L’impostura è qualcosa di più della menzogna, della dissimulazione e dell’ipocrisia. È una reiterazione che lentamente ci intrappola, e dalla quale non possiamo più uscire: una postura che non è la nostra, che assumiamo per sfuggire a circostanze e stati emotivi difficili, che ci premia e insieme ci devasta, al punto che vi è una sola attesa possibile per poterne uscire: che la verità si disveli, che la postura finalmente sia così insostenibile da indurci a lasciare che di botto si dissolva, o esploda, proprio come una bolla finanziaria. Ma cadute infine tutte le imposture, nessun membro della famiglia è in grado di reperire in sé, o nel passato, una qualche parola di verità. Restano in piedi altre recite, o l’effimera via di fuga del sogno. Di questo meccanismo siamo tutti vittime e carnefici, debitori e creditori, pagatori a prezzi salati e beneficiari. I fratelli Friedland, il loro padre Arthur e il signor Lindemann costituiscono altrettanti modelli antropologici del nostro tempo, tutti simili e tutti diversi.

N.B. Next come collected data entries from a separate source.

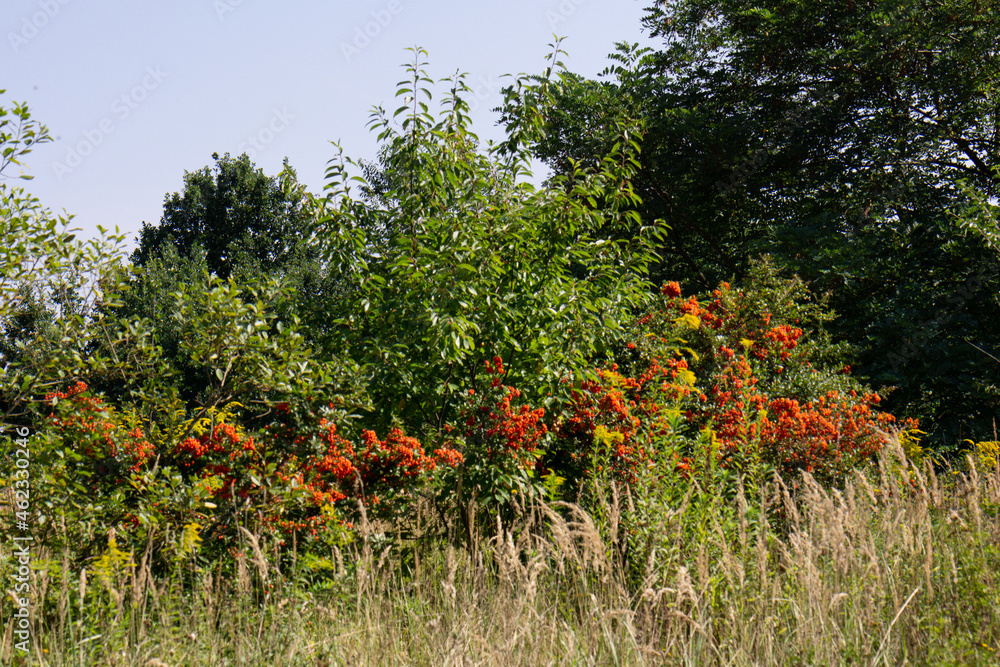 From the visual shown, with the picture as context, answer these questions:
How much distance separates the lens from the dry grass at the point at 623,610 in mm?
2350

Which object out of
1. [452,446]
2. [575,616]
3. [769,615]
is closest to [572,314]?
[452,446]


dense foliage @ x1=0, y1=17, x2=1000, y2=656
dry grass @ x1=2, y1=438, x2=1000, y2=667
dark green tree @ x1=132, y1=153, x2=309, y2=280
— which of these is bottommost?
dry grass @ x1=2, y1=438, x2=1000, y2=667

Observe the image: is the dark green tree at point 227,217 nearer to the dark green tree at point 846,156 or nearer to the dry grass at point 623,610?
the dark green tree at point 846,156

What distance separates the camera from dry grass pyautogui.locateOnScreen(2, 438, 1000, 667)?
2.35 meters

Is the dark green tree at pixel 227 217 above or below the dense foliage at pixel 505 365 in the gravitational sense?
above

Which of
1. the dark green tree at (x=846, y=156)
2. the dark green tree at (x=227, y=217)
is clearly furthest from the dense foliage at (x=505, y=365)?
the dark green tree at (x=227, y=217)

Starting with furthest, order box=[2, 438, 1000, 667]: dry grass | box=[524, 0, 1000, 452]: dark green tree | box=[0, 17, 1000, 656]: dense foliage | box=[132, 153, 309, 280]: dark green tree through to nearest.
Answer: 1. box=[132, 153, 309, 280]: dark green tree
2. box=[524, 0, 1000, 452]: dark green tree
3. box=[0, 17, 1000, 656]: dense foliage
4. box=[2, 438, 1000, 667]: dry grass

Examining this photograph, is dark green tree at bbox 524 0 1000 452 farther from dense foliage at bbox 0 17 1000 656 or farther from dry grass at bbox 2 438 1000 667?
dry grass at bbox 2 438 1000 667

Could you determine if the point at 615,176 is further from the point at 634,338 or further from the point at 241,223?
the point at 241,223

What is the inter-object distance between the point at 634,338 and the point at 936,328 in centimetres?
409

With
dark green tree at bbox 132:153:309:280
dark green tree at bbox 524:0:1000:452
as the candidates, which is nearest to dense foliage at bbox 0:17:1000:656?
dark green tree at bbox 524:0:1000:452

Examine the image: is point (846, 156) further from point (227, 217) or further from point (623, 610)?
point (227, 217)

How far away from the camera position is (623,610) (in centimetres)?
206

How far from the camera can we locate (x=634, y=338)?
5.67m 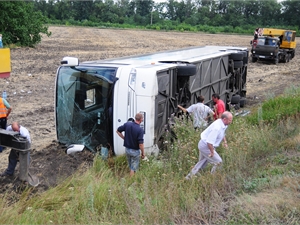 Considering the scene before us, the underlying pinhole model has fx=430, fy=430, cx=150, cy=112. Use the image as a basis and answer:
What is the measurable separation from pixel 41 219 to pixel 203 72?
6325 millimetres

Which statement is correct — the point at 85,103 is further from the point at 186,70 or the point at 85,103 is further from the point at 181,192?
the point at 181,192

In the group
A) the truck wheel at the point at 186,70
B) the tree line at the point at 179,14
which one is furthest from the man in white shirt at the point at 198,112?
the tree line at the point at 179,14

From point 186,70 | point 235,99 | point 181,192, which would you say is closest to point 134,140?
point 181,192

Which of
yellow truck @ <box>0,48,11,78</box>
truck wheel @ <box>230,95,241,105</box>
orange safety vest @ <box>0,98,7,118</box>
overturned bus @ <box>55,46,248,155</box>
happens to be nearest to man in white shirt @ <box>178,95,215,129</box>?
overturned bus @ <box>55,46,248,155</box>

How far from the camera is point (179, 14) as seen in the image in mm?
83750

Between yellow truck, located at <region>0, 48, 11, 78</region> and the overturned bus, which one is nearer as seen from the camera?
the overturned bus

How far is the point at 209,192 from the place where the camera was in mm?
6055

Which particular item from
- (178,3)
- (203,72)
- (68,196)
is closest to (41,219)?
(68,196)

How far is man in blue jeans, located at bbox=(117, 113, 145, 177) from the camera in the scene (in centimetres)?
758

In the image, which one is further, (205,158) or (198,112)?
(198,112)

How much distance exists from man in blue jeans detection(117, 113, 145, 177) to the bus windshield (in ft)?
2.39

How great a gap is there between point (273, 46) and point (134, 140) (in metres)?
23.6

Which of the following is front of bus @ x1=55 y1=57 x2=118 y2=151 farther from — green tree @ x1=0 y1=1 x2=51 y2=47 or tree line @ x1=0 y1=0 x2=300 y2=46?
tree line @ x1=0 y1=0 x2=300 y2=46

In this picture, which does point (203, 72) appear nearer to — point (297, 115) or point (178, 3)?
point (297, 115) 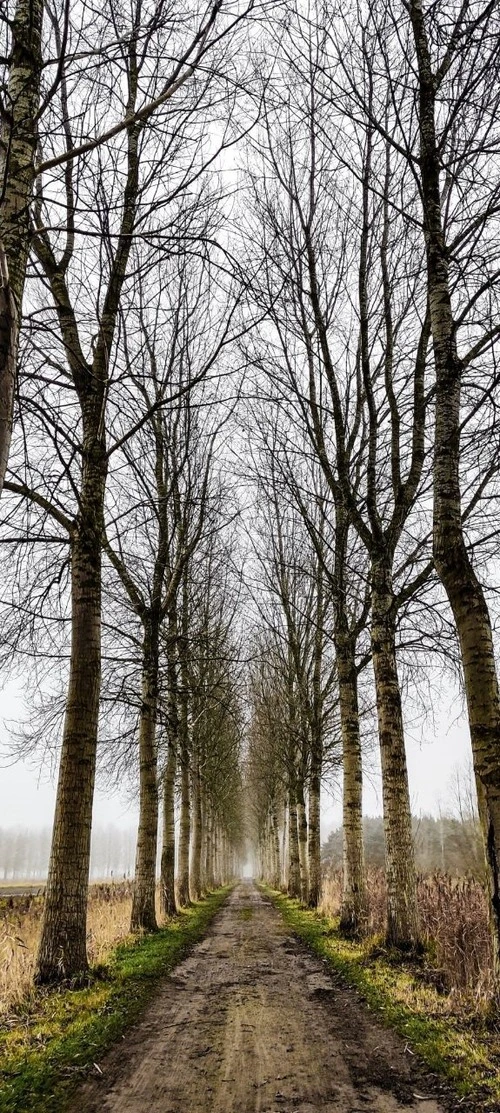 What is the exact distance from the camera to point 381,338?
28.7 feet

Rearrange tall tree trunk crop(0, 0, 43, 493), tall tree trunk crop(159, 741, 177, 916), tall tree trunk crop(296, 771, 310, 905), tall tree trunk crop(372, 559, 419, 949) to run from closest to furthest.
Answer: tall tree trunk crop(0, 0, 43, 493)
tall tree trunk crop(372, 559, 419, 949)
tall tree trunk crop(159, 741, 177, 916)
tall tree trunk crop(296, 771, 310, 905)

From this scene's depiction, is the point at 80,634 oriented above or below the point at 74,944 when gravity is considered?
above

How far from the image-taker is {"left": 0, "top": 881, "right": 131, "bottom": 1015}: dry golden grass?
479 centimetres

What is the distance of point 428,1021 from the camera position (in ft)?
14.1

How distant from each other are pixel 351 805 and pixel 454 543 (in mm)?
5909

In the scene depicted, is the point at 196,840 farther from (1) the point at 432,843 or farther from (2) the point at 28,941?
(1) the point at 432,843

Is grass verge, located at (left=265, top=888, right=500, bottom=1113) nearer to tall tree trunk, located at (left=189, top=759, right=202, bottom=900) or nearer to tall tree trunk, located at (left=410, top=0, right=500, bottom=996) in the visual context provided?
tall tree trunk, located at (left=410, top=0, right=500, bottom=996)

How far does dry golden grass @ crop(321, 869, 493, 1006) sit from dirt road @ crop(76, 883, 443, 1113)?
0.89 m

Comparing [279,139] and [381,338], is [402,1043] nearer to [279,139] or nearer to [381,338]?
[381,338]

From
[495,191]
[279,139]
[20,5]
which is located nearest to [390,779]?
[495,191]

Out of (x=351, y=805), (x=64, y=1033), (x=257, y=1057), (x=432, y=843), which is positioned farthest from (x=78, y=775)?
(x=432, y=843)

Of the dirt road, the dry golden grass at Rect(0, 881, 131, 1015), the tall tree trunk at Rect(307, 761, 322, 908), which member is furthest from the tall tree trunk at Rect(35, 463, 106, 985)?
the tall tree trunk at Rect(307, 761, 322, 908)

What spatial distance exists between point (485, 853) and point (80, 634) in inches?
163

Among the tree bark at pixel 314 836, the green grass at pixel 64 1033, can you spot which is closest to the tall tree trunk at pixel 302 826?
the tree bark at pixel 314 836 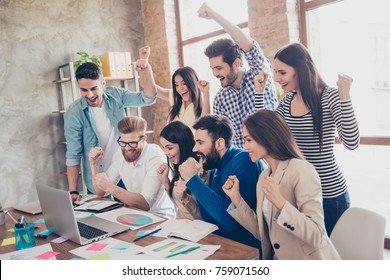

Il lettore si sente sollevato dal sarcasmo, talora caustico e sempre comico, che accompagna il racconto. Con questo non è però affatto autorizzato a dirsi: – Ma per fortuna io non sono così! Deve, in qualche misura, interrogarsi: in che misura sono partecipe di questa malattia sociale, o come complice o come vittima o come l’una e l’altra cosa? E in che misura posso e possiamo uscirne?